Monday 25th November
Awoken at 1:00am to great commotion on deck. Shackle holding the Jib sheet had broken. Jib flapping wildly until furled. Luckily Goose Wing pole secure and undamaged. Jib now temporarily out of action.
2:30am. At chart table down below. Big bang on deck. Main halyard had parted at the top of the mast. Main sail came crashing down.
Now no Jib and no mainsail. (Cruising Shute only working sail left!) Engine on for remainder of night. Uncomfortable rolling motion.
Hoisted Cruising Shute at first light. Oliver (the captain) went to top of the 125ft mast.

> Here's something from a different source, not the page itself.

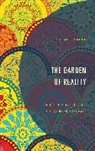 Roland Faber - Garden of Reality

Repairs made. Celebratory lunch.
Tuesday 26th November
Sailed through the night on the Cruising Shute. Eagle eyed watch for squalls!
Jib sheet shackle replaced. Jib back in action.
All repairs made and we are back to a full complement of sail options.
Sense of achievement, even quiet satisfaction on board. Clear, calm weather.
Relaxing afternoon. Sunshine, reading, Backgammon.
Wednesday 27th November
Rude awakening at 5:30am. Another big bang on deck. General pandemonium. All hands on deck with life jackets and safety harnesses. The hardened steel U-bolt at the top of the mast had given way. Cruising Shute has collapsed into the sea. Boat has run over it. Huge effort from all on board to retrieve it at the stern. Sail damaged but not too badly - will need a new panel fitted.
No more Cruising Shute for remainder of passage!
Sailed close to small, 30 year old, wooden boat with a cheerful Australian on board. Also Antigua bound.
Dinner, Backgammon, bed.
Thursday 28th November
No wind. Jib furled. Engine on. Motor sailed today. Flat calm. Good boat cleaning day. Almost caught up with 'MarineForce'.
Friday 29th November
Sail ahead spotted. It is 'MarineForce'. Caught up by midday. Their rudder problems OK now, but low on fuel. We transferred three 22 litre cans of fuel to them at sea. Quite an exercise!
Saturday 30th November
Spectacular sunrise. Antigua sighted at about 9:00am. Land ahoy - great excitement! Sixteen days at sea.
Reached berth in Falmouth Harbour at about 12 noon.
End of a great voyage. Would love to do it again!